There’s a ton I don’t know about the experience of living in modern American society while simultaneously being non-white.
Some things I can imagine, the way righties might imagine left-handled — not left-handed — scissors. Lacking a lived experience, I’m going to get it wrong, and possibly in ways I can’t really foresee.
Some things I’ve missed, but can be taught about — the way truly left-handed scissors are constructed differently, and the experience of thinking the fault lies in ourselves, rather than in a society that defaults to something we are not.
Some things I simply can’t image —they are truly invisible, but more than that, preconscious.

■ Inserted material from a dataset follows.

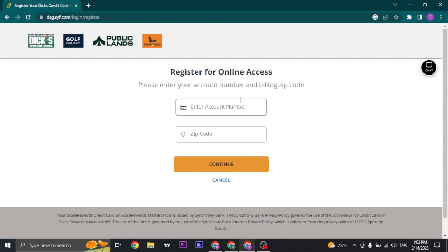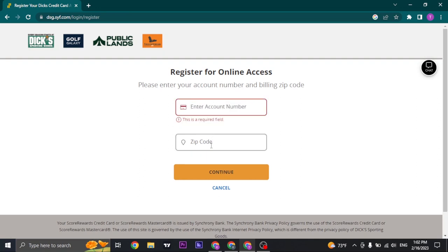Now all you do is type in your account number that you have been given, and then you type in your zip code.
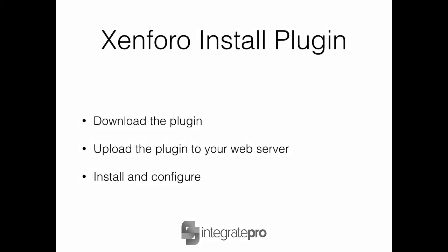In this video I'm going to show you how to install a plugin for Zenforo. What you need to do is download the plugin, upload the plugin to your web server, and then install and configure.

Like the right-handed desk, it doesn’t even occur to me to ask the right questions, let alone accommodate the answers.
And then you couple these things with truly dire consequence: centuries of prosecution; a societal narrative that sees you as subhuman; a hostile, nation-wide community group only a few years removed from dangling folks like you from trees. (Or perhaps you don’t have to imagine; this may be your situation already.) The stakes are very high. It’s on me to skill up.
Of course there’s a lot I don’t know. But at least I know who to listen to; and I know that I don’t know.
So tell me — who will you listen to?